Ma, come nasce questa tradizione e quali storie si celano dietro gli abiti?
Scopriamolo insieme!
Il costume sardo, diverso per ogni località, indicava la provenienza di chi lo indossava, esaltando l’estrazione e lo stato sociale. Ogni costume era adatto per particolari occasioni: quelli più originali ed elaborati per le feste, più semplici per tutti i giorni, diversi per i ricchi e per i poveri, per le donne sposate, per le nubili e per le vedove.
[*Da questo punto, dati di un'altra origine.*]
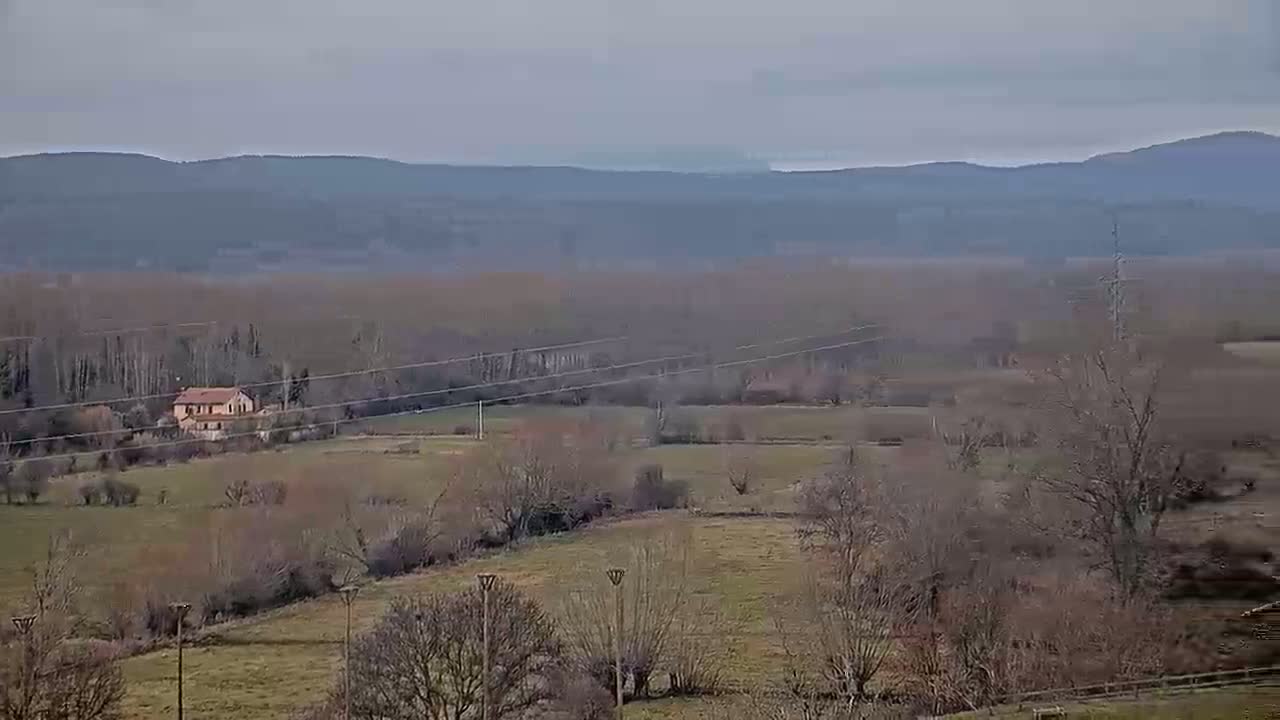 A pale, overcast sky hangs over a flat, grassy landscape dotted with leafless trees and a lone house, with distant, hazy mountains in the background.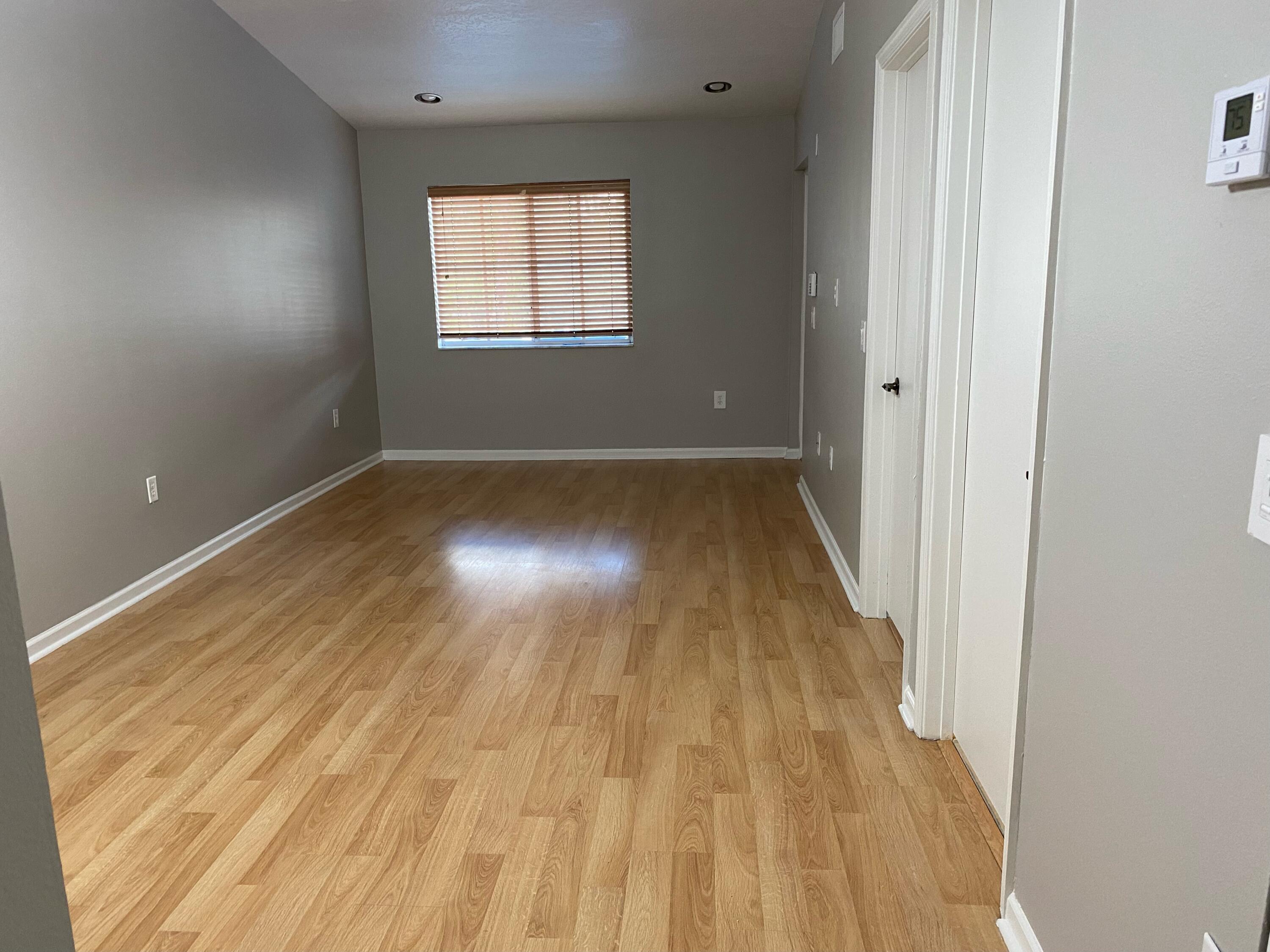 3501 Briar Bay Boulevard, Unit 205 West Palm Beach, FL 33411 - Photo 3 of 8 an empty room with wooden floor and windows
Nonostante i costumi sardi siano tutti particolarmente elaborati e variopinti, la differenza tra uomo e donna era notevole anche in questo aspetto: colorati e sgargianti per le donne, più severi quelli degli uomini.

L’attività tessile nella nostra regione risale all’Età del Rame e fortunatamente sono ancora tante le testimonianze arrivate fino ad oggi dall’epoca romana. Tra i materiali utilizzati per la realizzazione degli abiti sardi, il più originale è il broccato: un tessuto pregiato che ha origine nel 300 d.C. in Asia. I diversi colori del broccato, nell’abito sardo, rappresentavano una determinata fase della vita.
Sugli abiti sardi si possono individuare le influenze dei popoli invasori del passato: ogni comunità infatti può contare su un proprio vestito tradizionale diverso da tutti gli altri.
La realizzazione non è semplice e il lavoro degli artigiani veniva tramandato da generazione in generazione.Il vestito tradizionale delle donne può contare sulla cuffia, una camicia sempre di colore bianco e il corsetto che può essere di diversi tagli. Per decorarlo ulteriormente si usava “sa sabeggia” un amuleto donato ai neonati che veniva portato per tutto il corso della vita.
“Su sciallu” (lo scialle) solitamente nero o marrone, veniva arricchito con motivi floreali.
Per quanto riguarda il costume maschile, invece, abbiamo: la camicia, i pantaloni di lino bianco, il gilet, il berretto, la giacca.
Del costume può far parte anche la mastruca, grande cappotto di lana con pelle di pecora. Questo indumento ha una storia particolare: si tratta di una veste di pelle lanosa; Cicerone definiva i sardi come “latruncoli mastrucati” e questo riferimento era collegato alla convinzione che il popolo sardo era riuscito a non farsi mai sottomettere del tutto dai romani.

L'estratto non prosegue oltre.